FR - Como vossa excelência vê o novo momento da política baiana com a vitória de Jaques Wagner?


AP -
O Brasil derrubou a ditadura em 86, a Bahia acabou de derrubar a ditadura. Para nós é de fato o grito de liberdade, é a primeira manifestação após Waldir de indignação com o modelo concentrador da riqueza, autoritário no método que dirigiu a Bahia por 40 anos.

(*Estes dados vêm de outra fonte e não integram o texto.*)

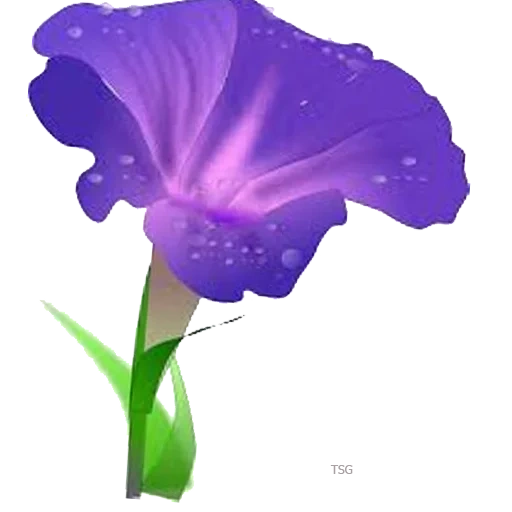 bunga ungu, hipotek itu ungu, bunga violet, bunga ungu biru, bunga vektor violet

Para nós é uma grande vitória, nós estamos no Governo Wagner com a Secretária de Trabalho na figura do professor Nilton Vasconcelos, e esperamos que de fato ele tenha êxito, não será muito fácil, nós sabemos, não é fácil governar um Estado que mais trezentas prefeituras continuam na mão do Carlismo, por parte de grandes empresas ainda tem laços com eles, nós vamos vencer, romper e essas correntes e com certeza fazer com que a Bahia tenha uma vida mais justa.

FR - Em relação às ações do Governo Wagner, qual sua avaliação?


AP - Muita coisa aconteceu, desbarataram-se os escândalos como na EBAL, nós estamos tratando de fazer um orçamento participativo, agora o sul da Bahia acabou de viver o seu PPA, o Plano Plurianual para produzir as políticas, é a primeira vez na Bahia que se produz política ouvindo as pessoas. Agora na saúde, por exemplo, já rompe com a privatização imposta por essas falsas cooperativas, fazendo concursos públicos, acaba com a atitude clientelista do REDA, que agora será por seleção pública, não vai haver perseguição, não vai haver demissão em massa, isso tudo são sinais do governo. Também há problemas, ainda a política salarial para os servidores não é ideal, vão acontecer lutas, greves, mais na democracia é assim, cabo de guerra quem puxar o cabo em defesa do movimento social sai ganhando, por isso eu apoio também essas lutas.

FR - Atualmente a cidade de Ilhéus vive uma crise entre os Poderes Legislativo e Executivo, como você vê esta situação?


AP - Os poderes são independentes, devem ser harmônicos entre si, mais em primeiro lugar está a defesa da sociedade. Se o Legislativo descobre atos ilícitos do Executivo tem usar seu poder legislador para afastar efetivamente quem não merece a confiança do povo. Então a democracia ela é exatamente tripartite para não ser autoritária. Os poderes devem ter harmonia, mas trabalhar independentemente para que um fiscalize o outro. Quando a improbidade é apontada e comprovada, nós temos que ter a coragem cidadã de afastar quem não merece de estar no poder.